I’m thrilled to announce that after seven years as founding co-chair of the Society for Participatory Medicine, I’m transitioning to a new role as Chair Emeritus, so that Donna Cryer JD can become the new Patient Co-Chair.
Donna is astounding. See her bio on our society’s website: she’s an accomplished attorney, health policy advocate in Washington, and seriously experienced patient: not just one medical adventure, but IBD plus a liver transplant plus (this past year) bilateral knee replacement. She, like me, is a lifetime member of our Society; she joined the board last year.
What personally pleases me most is Donna’s leadership experience in non-profit organizations: President & CEO of Global Liver Institute, past CEO of the American Liver Foundation, and many many advisory boards, as detailed in her bio. Not surprisingly, she and our physician co-chair Dr. Danny Sands have already been racing ahead with other board members, creating agendas and making things happen. And her presence and contributions on our executive committee calls are already remarkable.
If you want a glimpse of what a super-empowered patient sounds like – a well informed e-patient – read Donna’s 2014 post on her blog Why I Fired my Doctor & What You Should Look For in Yours. As you’d expect from an attorney, it’s smart, well reasoned, and clearly worded. (Note, too, that this described a worst-case scenario – not her normal physician relationship – and that she used it as a teachable moment for others.)
Historical perspective: When our Society for Participatory Medicine was formed early in 2009, the twelve founders saw correctly that while this organization would take its place among medical societies, it must be different: it could not be run only by medical professionals; like the cause we promote, this society must be a partnership. So, for their founding co-chairs, they chose the only doctor-patient pair in the room, which happened to be Dr. Danny Sands and me. (Technically our by-laws don’t require patient and provider co-chairs – they don’t even require co-chairs – but come on, it would be silly not to.)
As I said at the time, I have no background at all in leading successful organizations, but I’ve been happy to be a voice on this blog and in speeches and in policy meetings; I’ll continue my advocacy everywhere, as what Donna calls “key Messenger of the Movement.”:-)
Donna described the transition perfectly in an email about this post:
The skillsets needed to found an organization are often different than those needed to sustain it and take it to the next level.

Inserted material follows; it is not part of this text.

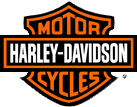 Harley-Davison logo, bouclier & bar, orange et noir.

The new crop of board members all bring new and diverse expertise to increase the stature of the organization through increased visibility, increased membership growth towards a more financially stable organization with a reputation for executing the big ideas that SPM has always been known for.”
Follow Donna on Twitter at @DCPatient. (DC = Donna Cryer and DC, where she lives.)

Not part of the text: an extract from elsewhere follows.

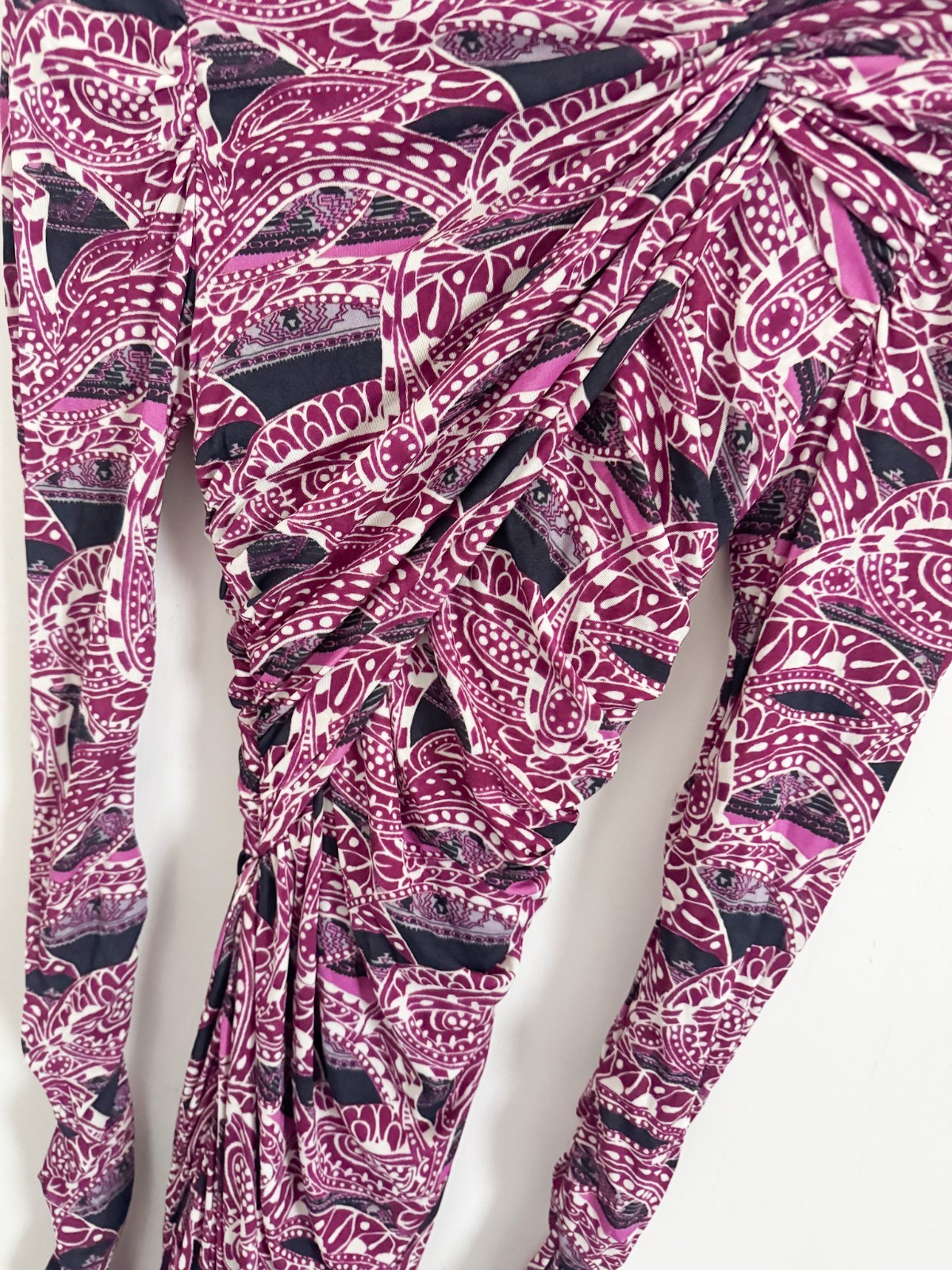 NEW Isabel Marant Ruched Magenta Paisley Jersey Dress EU 38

Congratulations on all the transitions – Donna, you are joining an amazing organization. Dave, enjoy your new role as MOM – messenger of the movement. best wishes to you both, Laura
What a win for SPM and healthcare reform in general! Donna is smart, very accomplished, strategic, empathetic, an astute listener and very good at knowing what to say and when to say it. So glad to have her in SPM’s most visible leadership.